And…I’m tired – let’s stop here for now. A quick wrapup – the trip was awesome but NOT relaxing. My sister and I had a fabulous time together – we’re talking quality bonding here; man, we laughed (and drank) A LOT. We both may be marginally insane, but I’d argue it’s in the best possible way. And I’m a little scared of going to work tomorrow and seeing all the emails that are waiting for me. Wish me luck!


MC said...
This comment has been removed by the author.
mcbias said...

Let's pretend I'm not still up and won't be pulling an all-nighter tonight...
1. Southern European women are my weakness, and I'm extremely envious you went to Italy.
2. It must be late, but "plastered myself to the wall" made me laugh.
3. Talking to hot people who don't understand your language is great. When you go out on your next date sometime, force yourselves to try to communicate for a few minutes without talking and with minimal touching.
4. I'll let someone else make the Madrid jokes.
5. I like numbering comments too much. Enjoy the e-mail reading!

Anonymous said...

Welcome home, Red. A trip like that shared with a sibling will bring a lifetime of memories and laughs. I haven't made it to Italy yet but I'll remember your travel guide recommendations, especially the chianti!


Bruce Paine said...

No coffee to go. I suppose I could have mentioned the Italian speed of life, but the little old country boy found it delightful. They don't like "coffee to go" as a rule.
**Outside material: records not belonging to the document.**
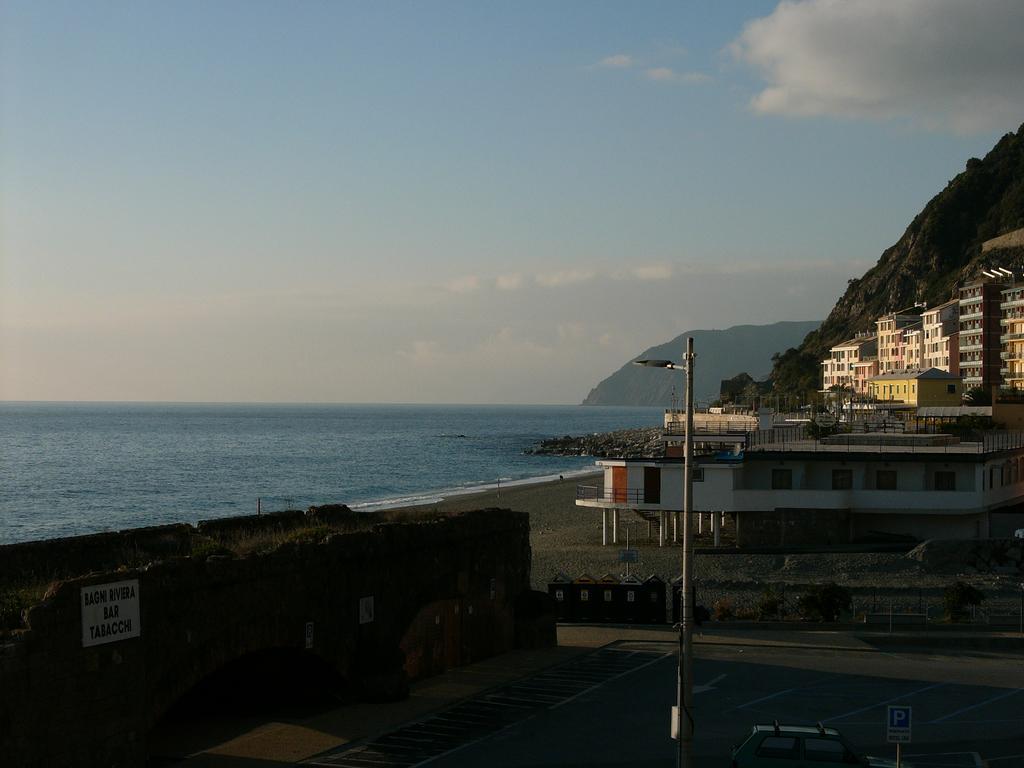 Lido Deiva Marina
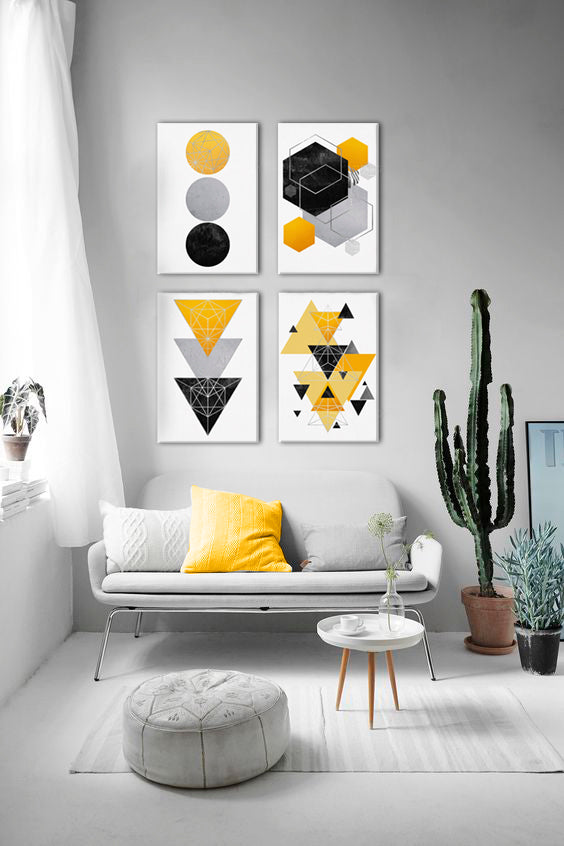 Sumljiva globina / Dan Johannson XOBDJ109E4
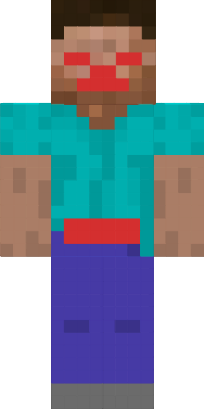 Preview of texture: captentrol px
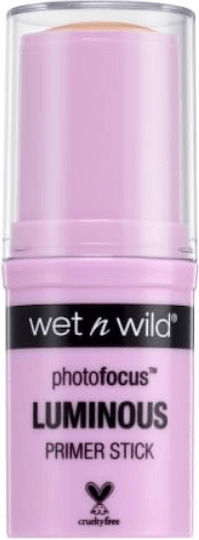 Wet n Wild Photofocus Face Primer Balm 10gr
I stand by my statement that Venice stinks. A kid who grew up in the fresh air of Indiana hay fields with honeysuckle and clover in the air found Venice and its bird poo overbearing. I accept that idea that a fast-paced, New Yorker was not as bothered.

I am supremely glad that you enjoyed the David. Americans don't always get to see fine statuary and it doesn't get better than that. I think his finger tips and nails are the unreal. That one man was capable of such a thing with nothing but hand tools and fistfuls of pumice. That is really something

CajunKate said...

First time commenter. Long time reader. Took me a few days to get to this, but I subscribe to your RSS feed and was JUST thinking, "when the hell is Redhead coming home from Italy already?" when, lo and behold, your trip post popped up! Yay! Glad you had a good time with your sis (awwww, so sweet!) but more glad to have you back. Not that I expect much what with you catching up on work and whatnot. Nonetheless, just know that one among your lurker nation missed you!